Daily digest market movers: Gold’s last leg up sponsored by weak US NFP data

  • The US labor market is cooling down despite printing solid gains in February compared to “downward revised” figures from January. After two months of net revisions, the US jobs market totaled a loss of -167,000 jobs compared with initial prints, which sparked a reaction from interest rate futures traders.
  • According to the CME FedWatch Tool, expectations for a May rate cut remain low at 22%, but the odds are at 69% for June.
  • February US CPI is expected to rise from 0.3% to 0.4% MoM and remain unchanged at 3.1% YoY.
  • Core CPI is estimated to drop from 0.4% to 0.3% MoM and from 3.9% to 3.7% YoY.
  • Federal Reserve officials last week expressed that they remain data-dependent and want to feel secure that inflation is sustainably trending toward the Fed’s 2% goal. Therefore, Tuesday’s inflation report would be relevant, as a jump in prices could trigger a U-turn in XAU/USD prices.
  • XAU/USD is being capped by US Treasury bond yield recovery as the 10-year benchmark note rate gained two basis points at 4.094%.

Technical analysis: Gold stays firm near all-time highs near $2,180

Gold’s rally appears overextended after extending toward the $2,180.00 figure. Even though the Relative Strength Index (RSI) is overbought above the 80 level, RSI’s slope aims up, suggesting that buyers remain in charge. If buyers push the XAU/USD price above the ATH at $2,195.15, that could open the door to testing $2,200.00.

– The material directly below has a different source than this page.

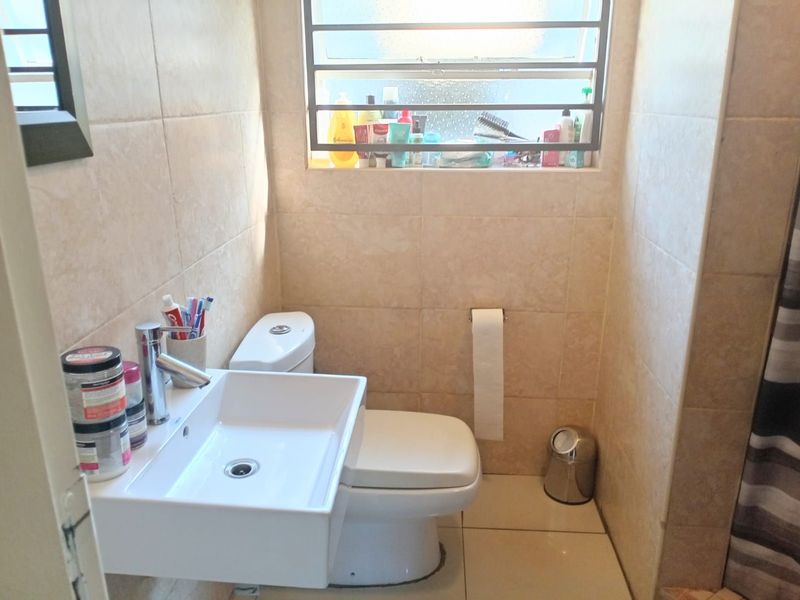 House For Sale in Northcliff - Photo 4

On the flip side, if XAU/USD falls below March’s 8 low of $2,154.17, a drop toward the $2,150.00 figure is on the cards. Further support is seen at $2,100.00, ahead of the December 28 high at $2,088.48 and the February 1 high at $2,065.60.

Gold FAQs

Gold has played a key role in human’s history as it has been widely used as a store of value and medium of exchange. Currently, apart from its shine and usage for jewelry, the precious metal is widely seen as a safe-haven asset, meaning that it is considered a good investment during turbulent times. Gold is also widely seen as a hedge against inflation and against depreciating currencies as it doesn’t rely on any specific issuer or government.

Central banks are the biggest Gold holders. In their aim to support their currencies in turbulent times, central banks tend to diversify their reserves and buy Gold to improve the perceived strength of the economy and the currency. High Gold reserves can be a source of trust for a country’s solvency. Central banks added 1,136 tonnes of Gold worth around $70 billion to their reserves in 2022, according to data from the World Gold Council. This is the highest yearly purchase since records began. Central banks from emerging economies such as China, India and Turkey are quickly increasing their Gold reserves.

Gold has an inverse correlation with the US Dollar and US Treasuries, which are both major reserve and safe-haven assets. When the Dollar depreciates, Gold tends to rise, enabling investors and central banks to diversify their assets in turbulent times. Gold is also inversely correlated with risk assets. A rally in the stock market tends to weaken Gold price, while sell-offs in riskier markets tend to favor the precious metal.

The price can move due to a wide range of factors. Geopolitical instability or fears of a deep recession can quickly make Gold price escalate due to its safe-haven status. As a yield-less asset, Gold tends to rise with lower interest rates, while higher cost of money usually weighs down on the yellow metal. Still, most moves depend on how the US Dollar (USD) behaves as the asset is priced in dollars (XAU/USD). A strong Dollar tends to keep the price of Gold controlled, whereas a weaker Dollar is likely to push Gold prices up.